Mais do que uma exigência, uma emergência

O que os americanos reclamavam era um sistema de saúde público e universal. E se é verdade que apenas a formulação desta exigência foi um importante avanço, também é verdade que esse clamor de milhões de estado-unidenses não encontrou em Obama o eco democrático que esperavam. Uma por uma, Obama defraudou todas as esperanças que nele foram depositadas ainda não tinha sido a lei aprovada. Primeiro, anunciou que o novo sistema não seria pago pelo Estado. Depois, recusou-se a criar leis que permitissem ao governo negociar os preço dos medicamentos e dos serviços médicos. Por fim, sentou-se à mesa com os especuladores de Wall Street e com os gigantes das seguradoras e da indústria farmacêutica.O resultado é um sistema de saúde moldado a partir do já existente no Estado de Massachusetts, onde é simplesmente ilegal não ter seguro de saúde. O «Obamacare» cria «mercados de saúde» em que as seguradoras competem por quem não pode pagar e oferece subsídios (financiados pelos trabalhadores) para ajudar os mais pobres a comprar seguros privados. No entanto, estar segurado não significa acesso à saúde: os planos de saúde mais baratos só cobrem em média 60% das despesas médicas e não incluem praticamente nenhum serviço que não seja considerado «urgente». De acordo com a Center for Disease Control and Prevention, cada vez mais americanos evitam ir ao hospital ou ao médico por medo dos brutais «co-pagamentos», o que tem recrudescido o recurso à auto-medicação e a analgésicos. Segundo o mesmo estudo, cada vez mais americanos preferem pagar a multa a contratar qualquer seguradora.

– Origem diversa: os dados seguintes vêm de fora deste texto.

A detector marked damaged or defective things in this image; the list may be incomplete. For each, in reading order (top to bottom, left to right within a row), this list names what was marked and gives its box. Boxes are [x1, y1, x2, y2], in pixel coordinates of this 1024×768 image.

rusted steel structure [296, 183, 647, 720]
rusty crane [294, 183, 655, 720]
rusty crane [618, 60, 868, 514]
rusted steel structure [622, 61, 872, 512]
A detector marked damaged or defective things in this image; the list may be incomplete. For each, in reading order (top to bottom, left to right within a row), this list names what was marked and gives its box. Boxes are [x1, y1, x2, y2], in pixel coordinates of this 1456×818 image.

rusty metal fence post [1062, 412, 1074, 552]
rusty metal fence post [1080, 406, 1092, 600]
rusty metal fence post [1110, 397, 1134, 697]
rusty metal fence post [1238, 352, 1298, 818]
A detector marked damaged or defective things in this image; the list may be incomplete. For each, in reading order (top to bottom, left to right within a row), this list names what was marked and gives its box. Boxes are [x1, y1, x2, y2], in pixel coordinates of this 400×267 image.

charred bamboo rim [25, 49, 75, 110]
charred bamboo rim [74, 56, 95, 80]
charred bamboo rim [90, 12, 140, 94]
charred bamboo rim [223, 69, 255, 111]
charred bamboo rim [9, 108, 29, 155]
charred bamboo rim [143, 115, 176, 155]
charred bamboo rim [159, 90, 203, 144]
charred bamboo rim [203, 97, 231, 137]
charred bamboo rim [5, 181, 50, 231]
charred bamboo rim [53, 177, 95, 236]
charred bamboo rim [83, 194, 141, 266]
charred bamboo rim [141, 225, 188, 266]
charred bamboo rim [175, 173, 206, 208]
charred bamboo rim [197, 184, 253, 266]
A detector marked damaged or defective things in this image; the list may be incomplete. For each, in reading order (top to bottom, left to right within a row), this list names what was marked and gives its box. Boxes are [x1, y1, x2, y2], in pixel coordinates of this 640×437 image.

Um negócio da China para as seguradoras

A lei também prevê que a partir de 2018 as empresas passem a ser taxadas em 40% pelo que gastam a co-financiar os seguros dos seus trabalhadores, o que levará a que muitas escolham planos de saúde mais baratos e menos abrangentes. E porque a lei só exige a empresas com mais de 50 trabalhadores que ofereçam seguro aos empregados a tempo inteiro, cada vez mais patrões recorrerão ao trabalho precário e part-time.
Segundo um estudo da Health Affairs, mesmo após a completa implementação do «Obamacare», 31 milhões de americanos não terão acesso à saúde. Segundo a National Research Council, apesar de serem o país do mundo que gasta mais dinheiro em saúde, os EUA são o último classificado para todos os indicadores de saúde entre os 17 países mais ricos do mundo. O «Obamacare» é sobretudo uma resposta do capital a esse problema de despesa: a lei encoraja os hospitais a cortarem nos custos prestando menos e piores serviços e penalizando quem os visite «muitas vezes». Não só transfere os custos da saúde para o bolso de cada trabalhador, como implica a expansão coerciva do mercado das seguradoras privadas a toda a população.

Se os estado-unidenses aprenderem com a desilusão que se revelou o «Obamacare», terão de levar a luta pelo direito à saúde a outro patamar. O que passa por exigir um autêntico sistema de saúde público, gratuito, universal e financiado pelo Estado, mas passa também por compreender que dificilmente esse sistema será oferecido pelos partidos da burguesia.